### [Dataset entries]
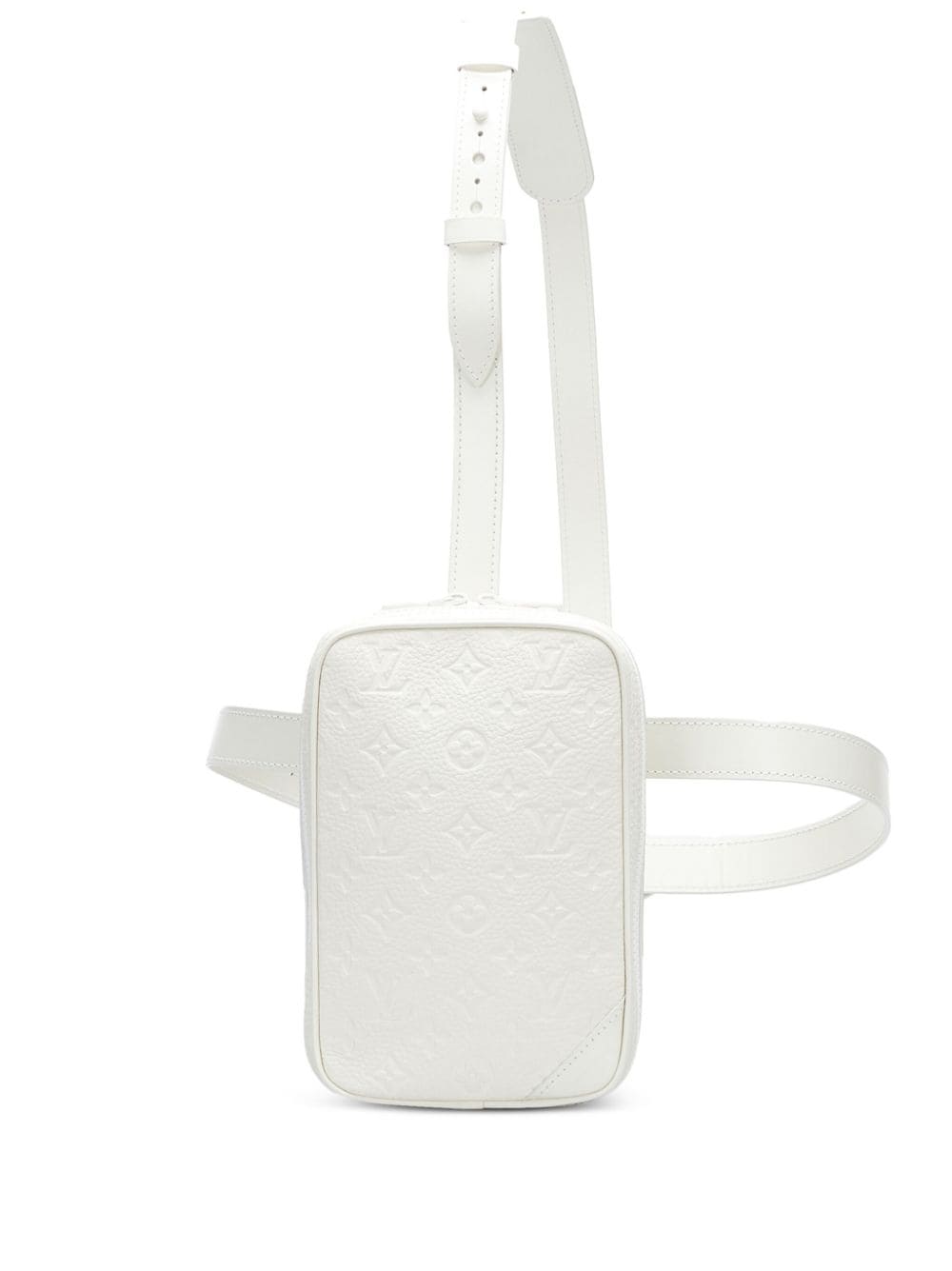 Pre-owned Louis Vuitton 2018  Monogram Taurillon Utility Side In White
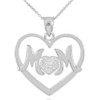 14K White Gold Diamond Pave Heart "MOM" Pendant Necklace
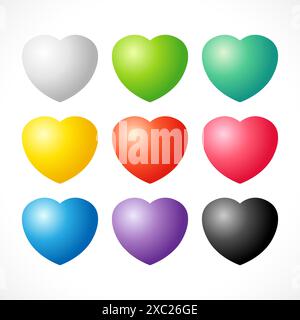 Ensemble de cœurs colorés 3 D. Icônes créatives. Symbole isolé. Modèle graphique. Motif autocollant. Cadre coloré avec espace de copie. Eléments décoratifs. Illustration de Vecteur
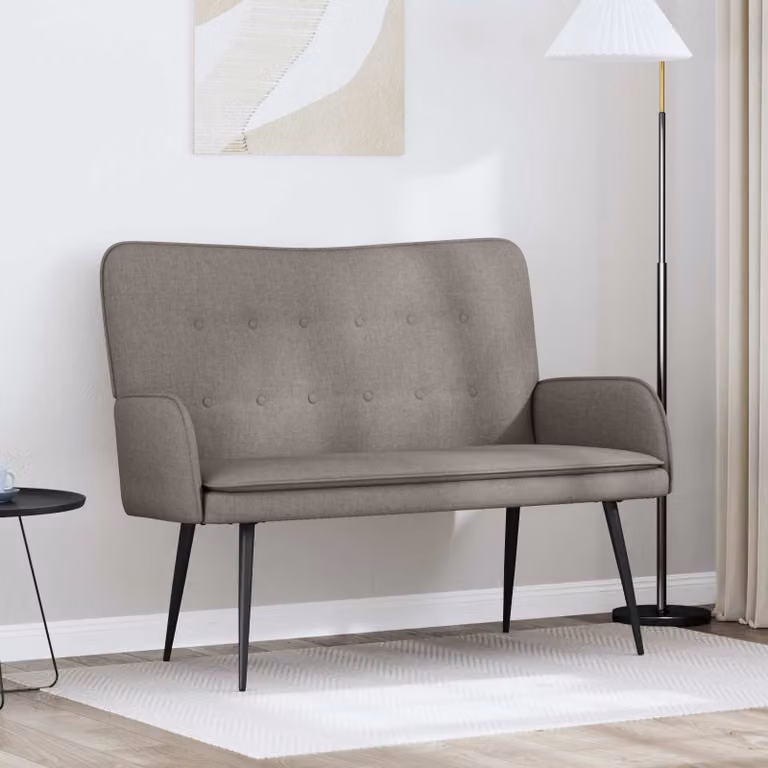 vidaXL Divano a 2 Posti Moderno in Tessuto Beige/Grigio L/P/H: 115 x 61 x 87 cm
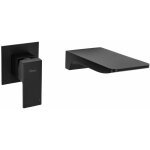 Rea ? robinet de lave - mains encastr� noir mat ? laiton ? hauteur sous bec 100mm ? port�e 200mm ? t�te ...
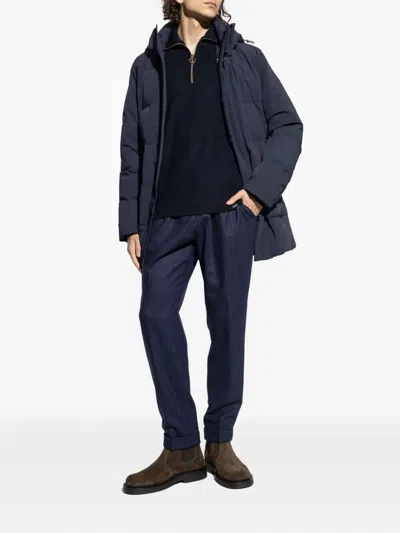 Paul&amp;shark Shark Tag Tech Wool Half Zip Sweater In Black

### [TASK DETAILS]
Give an exact copy of the data, and omit any pictures it holds.

### [ANSWER AREA]
 Pre-owned Louis Vuitton 2018  Monogram Taurillon Utility Side In White
 14K White Gold Diamond Pave Heart "MOM" Pendant Necklace
 Ensemble de cœurs colorés 3 D. Icônes créatives. Symbole isolé. Modèle graphique. Motif autocollant. Cadre coloré avec espace de copie. Eléments décoratifs. Illustration de Vecteur
 vidaXL Divano a 2 Posti Moderno in Tessuto Beige/Grigio L/P/H: 115 x 61 x 87 cm
 Rea ? robinet de lave - mains encastr� noir mat ? laiton ? hauteur sous bec 100mm ? port�e 200mm ? t�te ...
 Paul&amp;shark Shark Tag Tech Wool Half Zip Sweater In Black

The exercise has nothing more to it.